Ouverts à de multiples lectures, ses travaux, entre réalités matérielle et numérique, laissent s’épanouir le foisonnement des individualités, des expressions singulières. Ses tableaux en sequins, qui étendent le champ des possibles, sont nés d’une volonté de dépasser ses réalisations digitales en les rendant tangibles. Parées de ces délicates perles kaléidoscopiques, ses réinterprétations du Lady Dior, qu’elle considère comme de « petits cosmos », font apparaître, grâce à leur habillage à double facette, un ornement hybride, en perpétuel mouvement, qui, au toucher, donne naissance à deux univers distincts. Pour la version miniature du sac iconique, les masques qui le décorent incarnent la signature unique d’Olga Titus et rendent hommage aux arts du monde, de l’Afrique à l’Asie, allégorie de son propre cabinet de curiosités, qui transcende les objets du quotidien.
RECYCLE GROUP
Après avoir grandi ensemble – aux côtés de parents artistes –, puis collaboré, quelques années plus tard, pour l’exposition Recycle, Andrey Blokhin et Georgy Kuznetsov fondent Recycle Group, en 2008, un binôme créatif à la frontière du réel. À travers des messages subliminaux, ils questionnent le caractère paradoxal de l’avenir et explorent le concept « d’immortalité virtuelle » afin de mettre en lumière la relation, puissante et complexe, entre l’homme et la machine.
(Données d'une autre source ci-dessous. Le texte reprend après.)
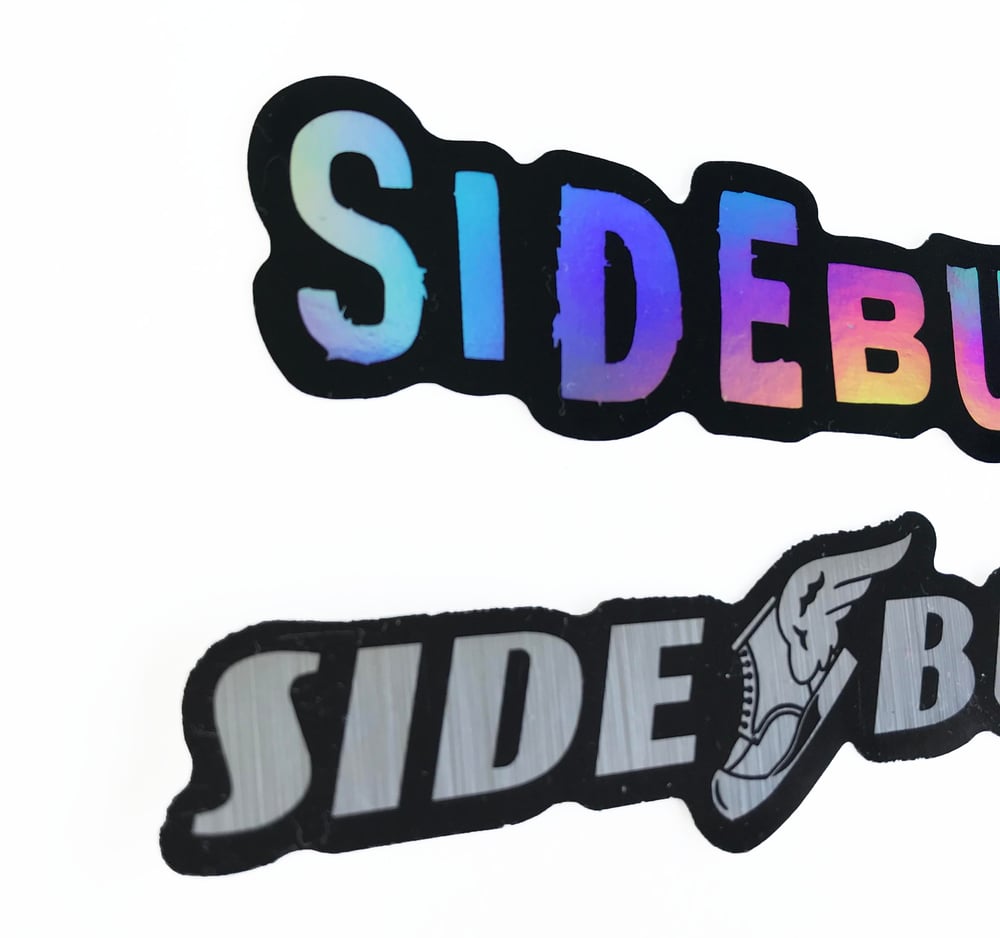 Image of Sideburn Metallic sticker pack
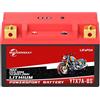 MOUDENSKAY Batteria al Litio per Moto 12V Batteria al Litio Powersports con BMS e indicatore 51.2WH 4AH 320CCA YTX7A-BS LiFePO4,batteria di avviamento per moto,ATV,UTV,veicoli d'acqua, ecc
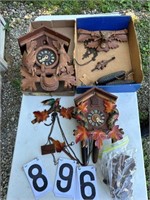2 Cuckoo Clock & Parts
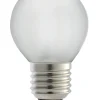 Klotlampa dimbar LED E27 3,4 W, varmvit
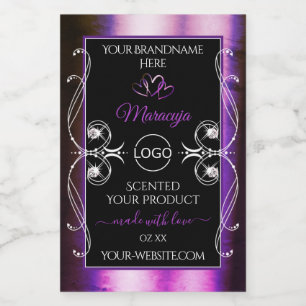 Noble violet noir Produit Diamants Étiquettes Ajou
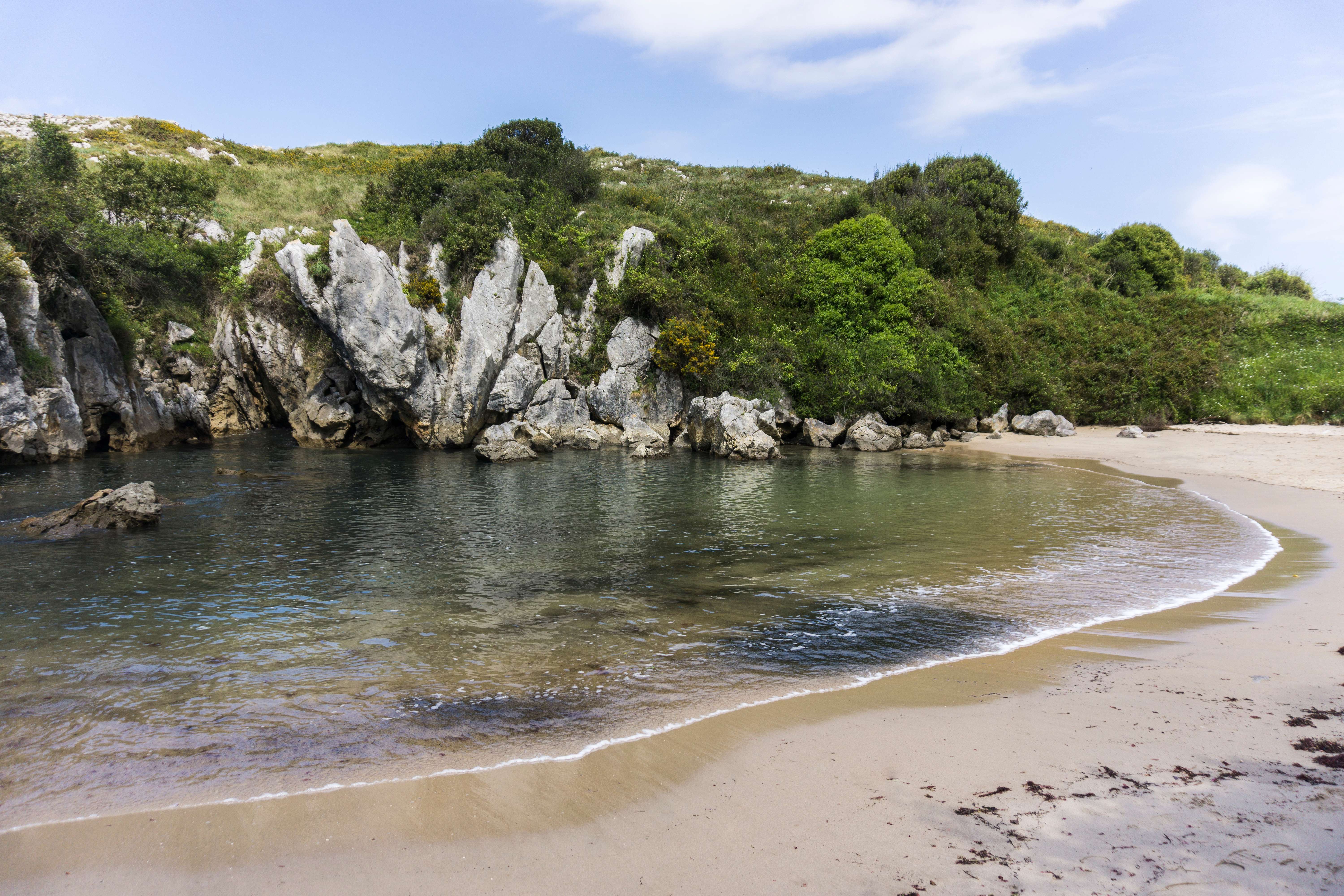 Playa De Gulpiyuri Beach
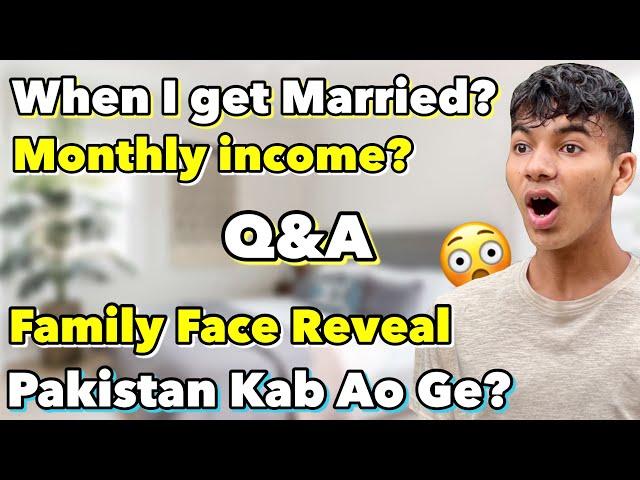 Family Face Reveal| 100K Special ￼Q&A 2024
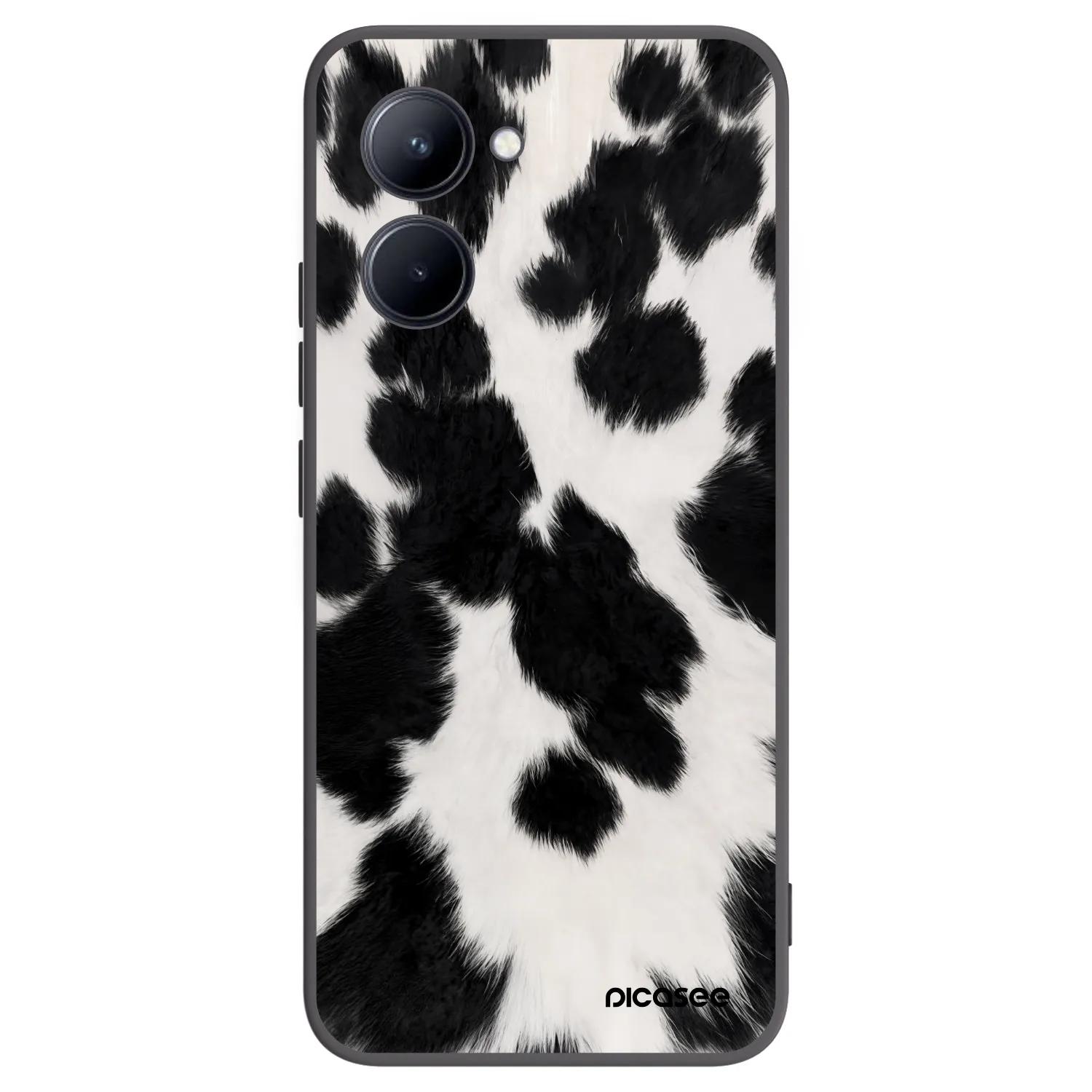 Picasee silikonowe czarne etui na Realme C33 (2023) - Black Moo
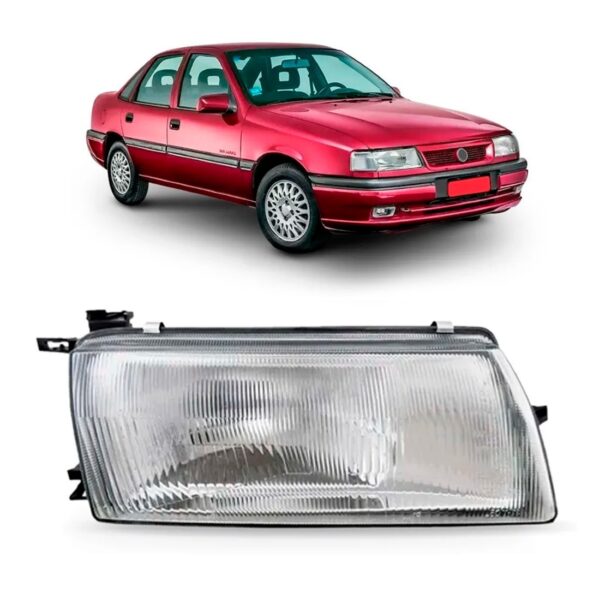 Farol Para Vectra 94 95 96 Foco Simples Lente Lisa 1ª Linha - Direito/passageiro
Obsessionnelles et hypnotiques, leurs œuvres, mêlant matériaux sensibles, médias et réalité augmentée, plongent l’art dans une nouvelle dimension, libre et audacieuse. Pour le projet Dior Lady Art, le sac iconique devient ainsi le symbole d’une vision mouvante du monde, façonnée par la frénésie numérique contemporaine, grâce à un effet de vagues ou de vortex déconstruisant et resculptant son mythique cannage. Tel un objet immatériel, le Lady Dior se métamorphose et s’ouvre à de multiples perceptions. Des créations d’exception, entre passé et futur digitalisé, qui reflètent des ailleurs saisissants d’où surgit notre propre rapport à l’existence.